Dataset content:
────────────────────────────────────────

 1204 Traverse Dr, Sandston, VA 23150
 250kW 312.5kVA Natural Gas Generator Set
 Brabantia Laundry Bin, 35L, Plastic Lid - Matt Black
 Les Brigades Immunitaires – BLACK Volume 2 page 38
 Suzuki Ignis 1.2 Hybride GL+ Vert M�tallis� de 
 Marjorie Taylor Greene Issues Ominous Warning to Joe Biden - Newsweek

────────────────────────────────────────

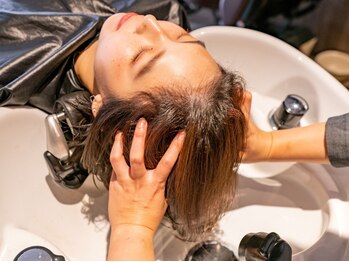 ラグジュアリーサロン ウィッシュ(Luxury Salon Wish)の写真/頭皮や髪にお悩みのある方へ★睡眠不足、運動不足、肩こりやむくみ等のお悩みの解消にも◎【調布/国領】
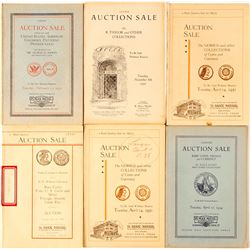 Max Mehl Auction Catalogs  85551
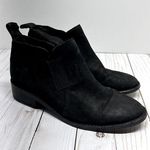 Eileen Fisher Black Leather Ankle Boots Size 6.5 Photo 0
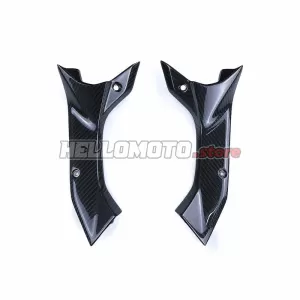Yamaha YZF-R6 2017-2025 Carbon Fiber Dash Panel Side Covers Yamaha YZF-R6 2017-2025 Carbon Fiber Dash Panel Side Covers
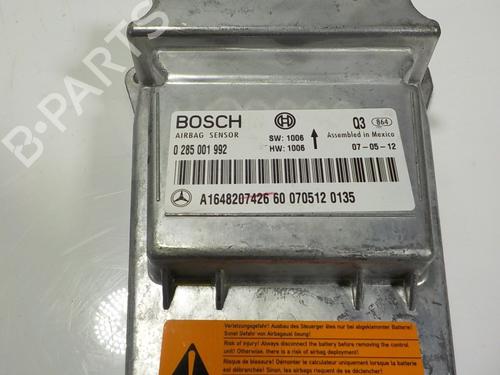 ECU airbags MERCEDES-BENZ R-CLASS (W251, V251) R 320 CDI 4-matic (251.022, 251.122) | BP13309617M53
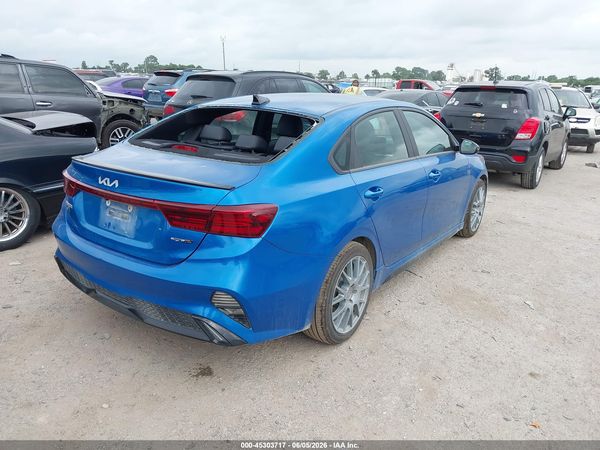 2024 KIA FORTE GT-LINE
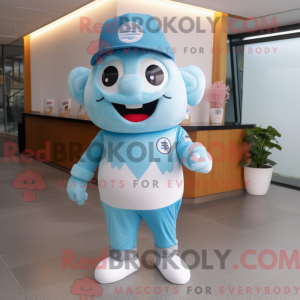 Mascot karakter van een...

────────────────────────────────────────

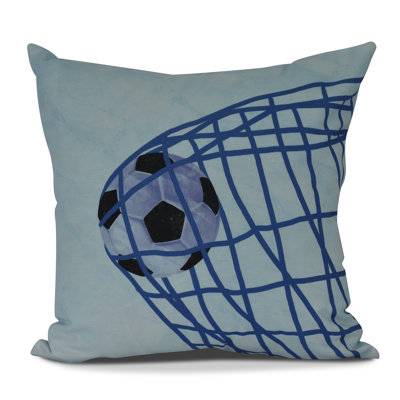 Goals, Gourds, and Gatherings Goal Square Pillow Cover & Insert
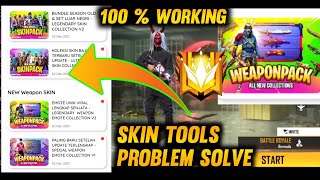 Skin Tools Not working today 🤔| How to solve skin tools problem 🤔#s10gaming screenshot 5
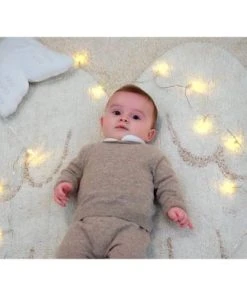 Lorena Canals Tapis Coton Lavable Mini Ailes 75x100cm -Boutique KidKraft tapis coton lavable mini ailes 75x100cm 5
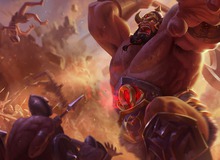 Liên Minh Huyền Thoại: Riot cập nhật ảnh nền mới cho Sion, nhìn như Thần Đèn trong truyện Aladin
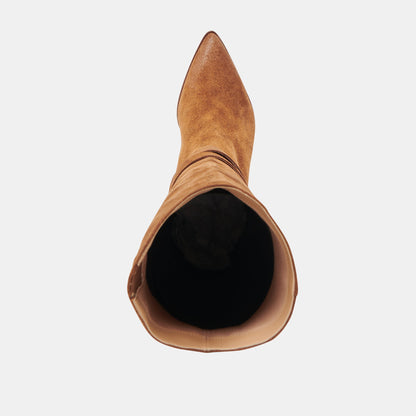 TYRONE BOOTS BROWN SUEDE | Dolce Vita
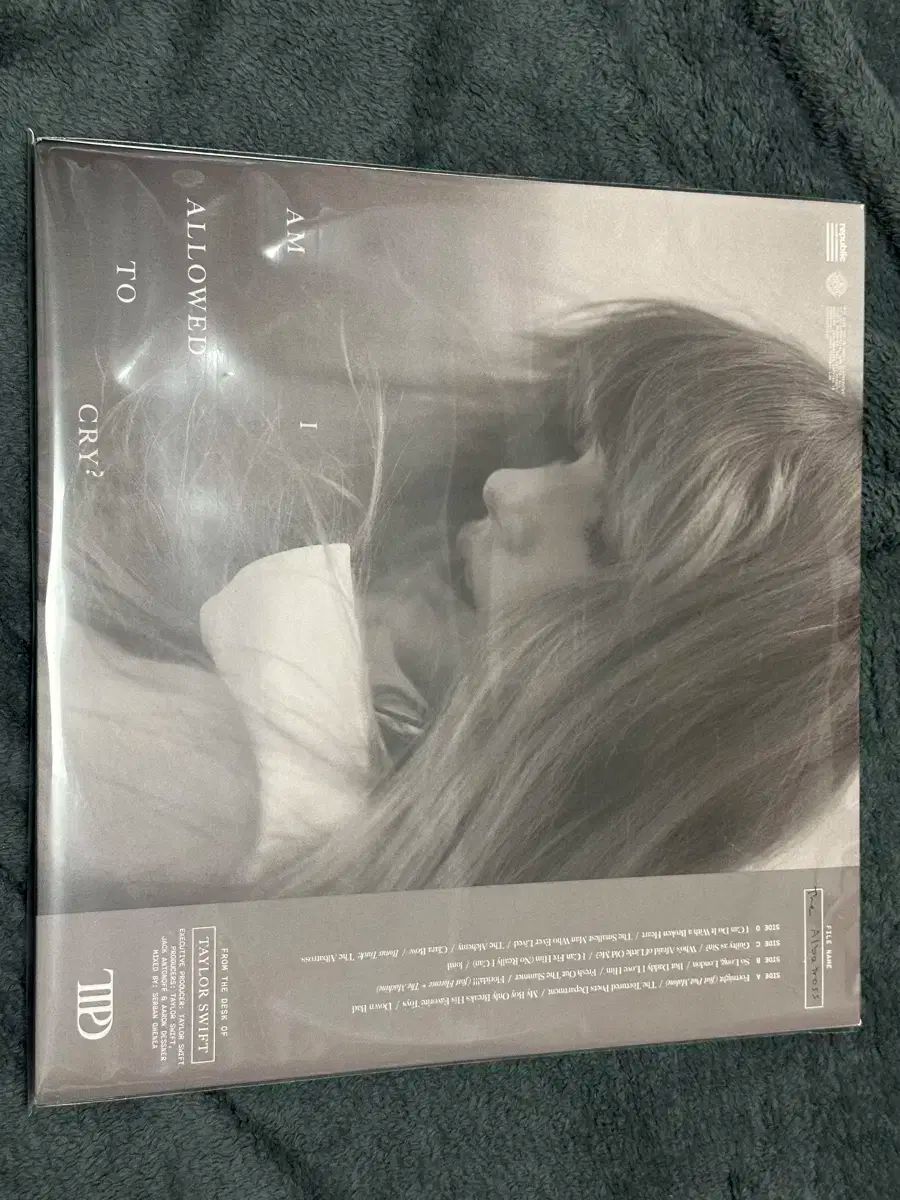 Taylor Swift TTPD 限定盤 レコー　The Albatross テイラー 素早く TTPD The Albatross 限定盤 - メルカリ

────────────────────────────────────────

From the records above, transcribe exactly the lines starting at the one containing "Lorena Canals Tapis" and ending at the one containing "Taylor Swift TTPD". Skip the pictures.

 Lorena Canals Tapis Coton Lavable Mini Ailes 75x100cm -Boutique KidKraft tapis coton lavable mini ailes 75x100cm 5
 Liên Minh Huyền Thoại: Riot cập nhật ảnh nền mới cho Sion, nhìn như Thần Đèn trong truyện Aladin
 TYRONE BOOTS BROWN SUEDE | Dolce Vita
 Taylor Swift TTPD 限定盤 レコー　The Albatross テイラー 素早く TTPD The Albatross 限定盤 - メルカリ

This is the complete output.